__PROBLEM STATEMENT__: Here is a listing. Repeat it exactly and in its entirety.

__EXERCISE DATA__:

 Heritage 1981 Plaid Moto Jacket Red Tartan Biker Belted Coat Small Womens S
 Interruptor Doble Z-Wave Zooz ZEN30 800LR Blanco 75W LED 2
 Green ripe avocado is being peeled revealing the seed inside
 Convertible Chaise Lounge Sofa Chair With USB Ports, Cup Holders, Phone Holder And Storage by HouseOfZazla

__REPLY TO THE EXERCISE__:
 Heritage 1981 Plaid Moto Jacket Red Tartan Biker Belted Coat Small Womens S
 Interruptor Doble Z-Wave Zooz ZEN30 800LR Blanco 75W LED 2
 Green ripe avocado is being peeled revealing the seed inside
 Convertible Chaise Lounge Sofa Chair With USB Ports, Cup Holders, Phone Holder And Storage by HouseOfZazla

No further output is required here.